How useful are speech-to-type apps?
Adrian McDermott
January 31st, 2009
I’m quite a fan of speech typing software, which I’m using right now, so I was very interested when my colleague Ralf Haller blogged recently about his experiences using Google’s voice recognition for search on his iPhone, which seemed to cope pretty well with everyday words but was rather challenged by place names etc. I just came across another review in the Dallas Morning News of Google’s and Vlingo’s competing speech typing software for the iPhone (and in Vlingo’s case, Blackberry):
Pros: Very accurate for speakers with American accents in quiet places. Easy to use. Reduce the need for typing.
Cons: Struggle with background noise and non-American accents. Don’t work for SMS or e-mail on iPhone.
Bottom line: Breakthrough applications that will change the way you use your iPhone or BlackBerry.
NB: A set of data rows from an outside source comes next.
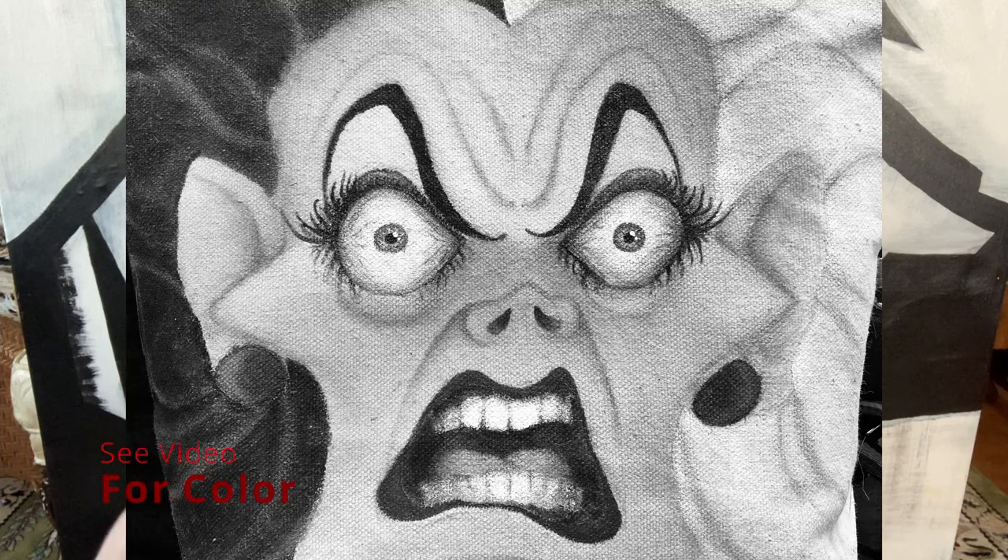As you might have seen, I like to paint canvas tote bags. I did that with Cruella de Vil — I have another video where I painted each side of a tote bag with Cruella de Vil's face. It came out really cool and was a lot of fun. I decided I wanted to do an entire series with all the Disney villains, and I'm going to be doing a lot of giveaways with those once I have them built up.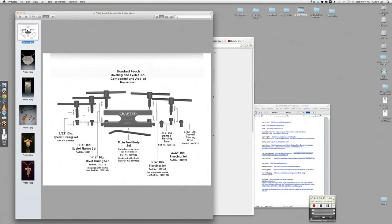You can see all the different components — they have different sizes, all sorts of different components that you can buy, including the domed piercing base. So you can actually put a ring or something inside of the riveting machine and it'll pierce through that.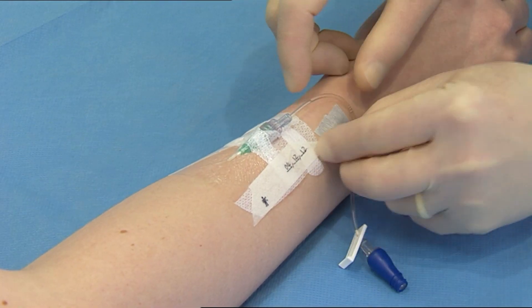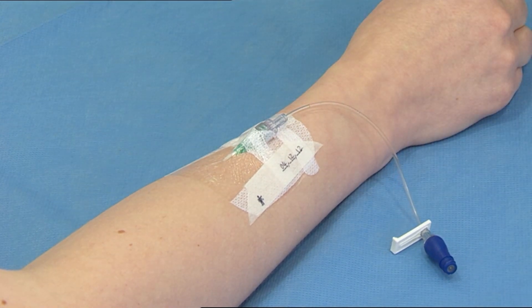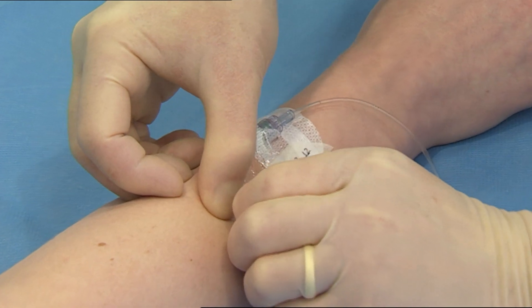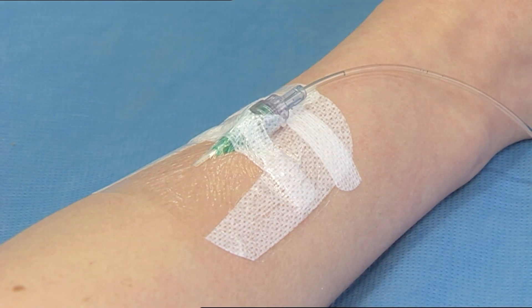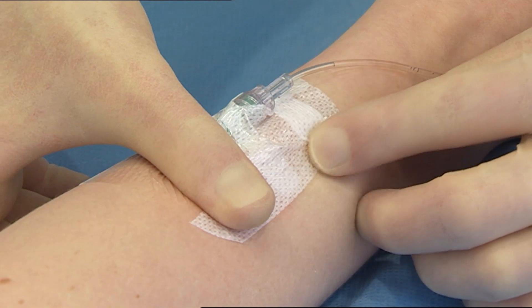Remove any additional tapes that have been used to secure the extension set. Remove the date record label from the dressing. Carefully remove the first of the securing strips.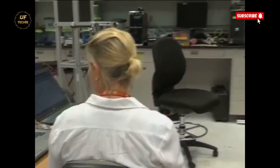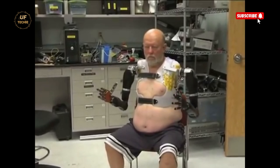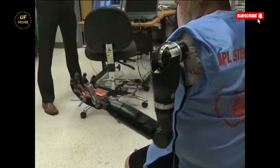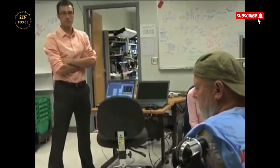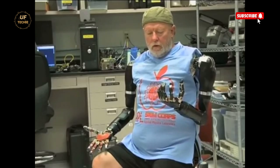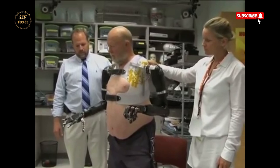Leslie Baugh lost both of his arms in an electrical accident over 40 years ago. For decades, he lived without the full function of his limbs, until he became part of a revolutionary program at the Johns Hopkins University Applied Physics Laboratory. There, Leslie became the world's first amputee to have mind-controlled prosthetic limbs attached directly to his body. After a series of intensive training sessions, he was able to control the limbs with nothing but his brain signals, essentially turning himself into the computer that moves the robotic arms.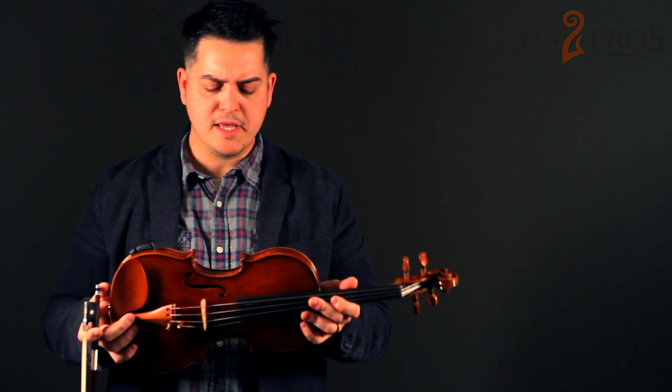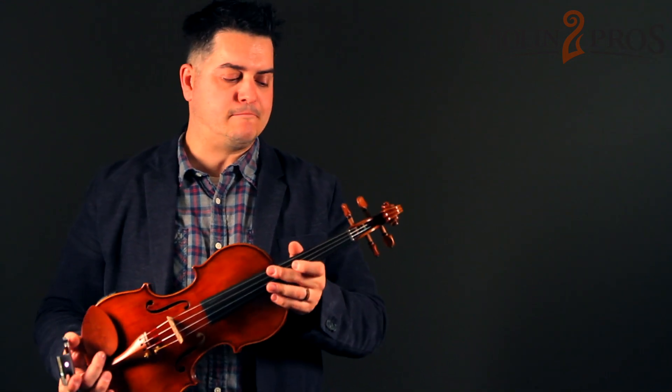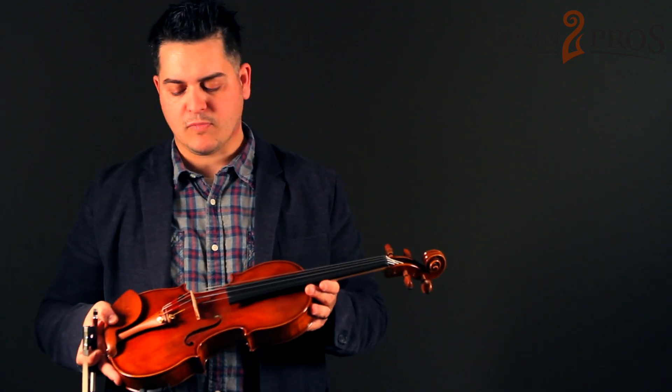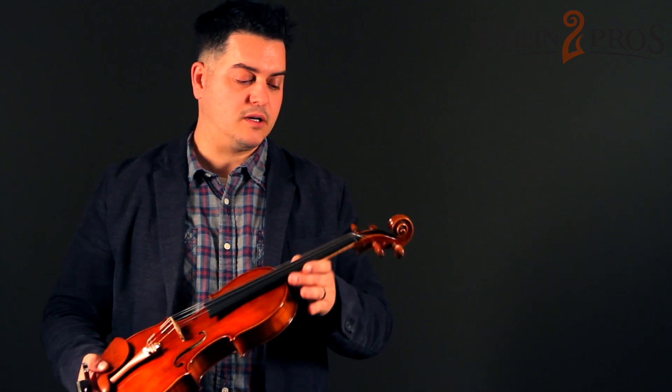The Dragon DR-10 model is the perfect violin for a soloist, as well as someone that can also play in the orchestras and quartet settings. It has amazing projection, awesome volume, and it just allows you to play those solo pieces, whether you're more traditional or even on a modern level playing.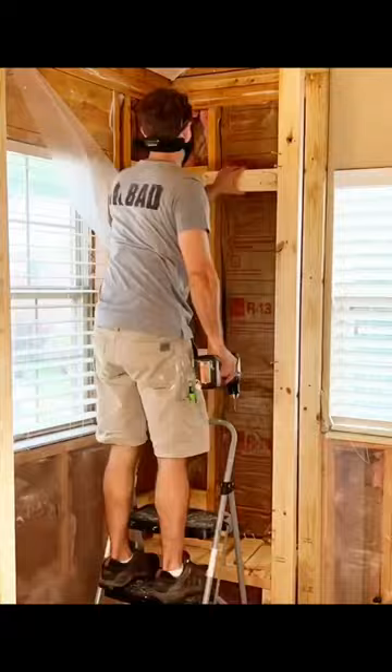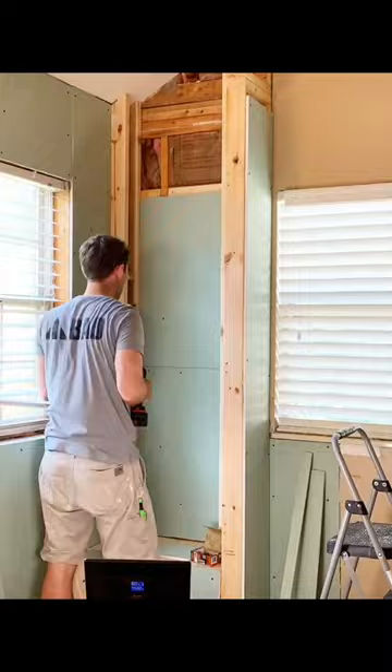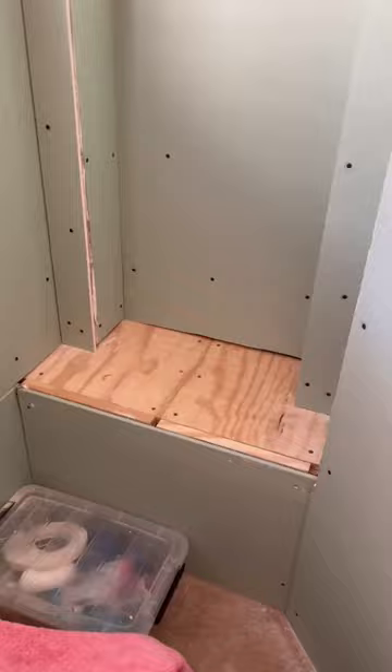The niche was framed out using 2x4s and I used mold resistant drywall throughout. It's a large open space because the shelves will be made of glass and installed along with the tile. I'm leaving the top unfinished on purpose because I want the grout lines to line up perfectly.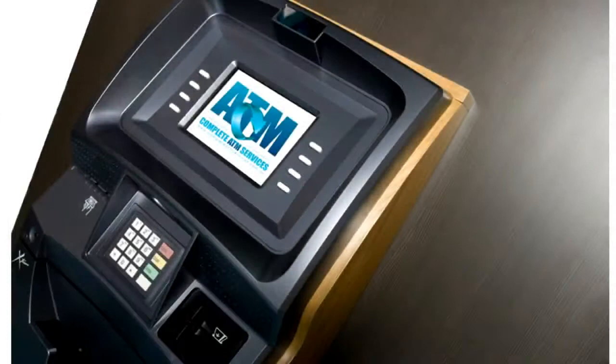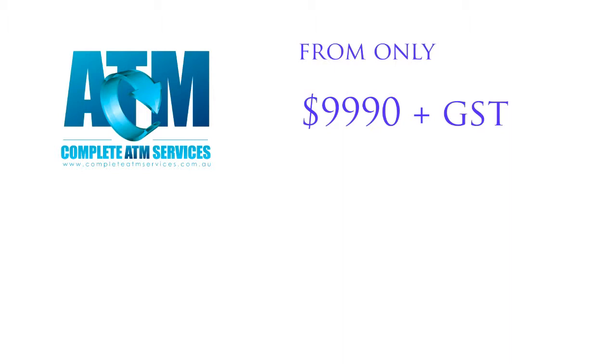The Xtremo is only one of a select few to be approved by the Australian Payments and Clearing Association. You can own a single canister machine from only $9,990 plus GST. This price includes installation and technical support. Finance is available to approved applicants.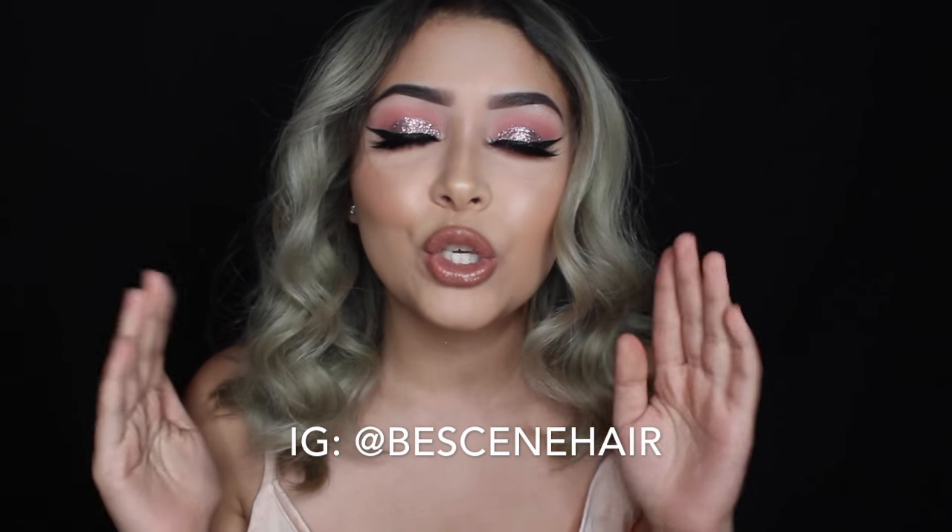Hey guys, welcome back to my channel! Obviously, as you can tell, I had a little makeover, which is why I wasn't able to upload last week — I did travel to Austin to be a hair model for Lynn (his username will be right here). You have to go check him out; his transformations are amazing. He literally transformed my dark brown hair in one session. I was shook — his work will have you shook!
Download immediately.
These products are clearly maturing nicely. However, according to the BBC, they’re going to be blown out of the water before year end by a small British company based in Hereford, who are planning to offer the world’s first ‘fully accurate’ totally voice-controlled phone. The BBC video shows a presenter standing in a rather low-tech looking factory holding a prototype of the Zumba, a small, very plain looking box, with a kind of a flat clip that is looped over the ear, speaking text to the user, and transmitting voice replies to be converted to text by the Zumba server (which the company claims to be 100% secure). “Whatever happens, this is very exciting tech indeed!” comments the dialaphone blog, and even The Register gave it a straightfaced report. Wired, however, is less convinced, put off not only by the “100% accurate, 100% secure” tag, but also by the fact that the company would not let the presenter actually test a prototype for “security reasons”:
Is your snake-oil sense a-tinglin’? It should be. This video further charts the descent of the Beeb from an internationally respected and neutral reporting machine into a populist tabloid of a TV company.
Ouch!
I’ve actually been using MacSpeech (which is based on Nuance’s Dragon NaturallySpeaking engine) to write most of this post. Oddly enough, the only words it’s really struggled with was “nuances” — it refused to give me the option of a capital letter and an apostrophe — and Zumba (for obvious enough reasons). I cut and paste URLs using a mouse, I have to confess, but even so, I’m pretty impressed with the performance of this software. It doesn’t enable me to produce a mountain of prose at breakneck speed. But that’s because I just don’t think that fast — this thing is way faster than my typing speed.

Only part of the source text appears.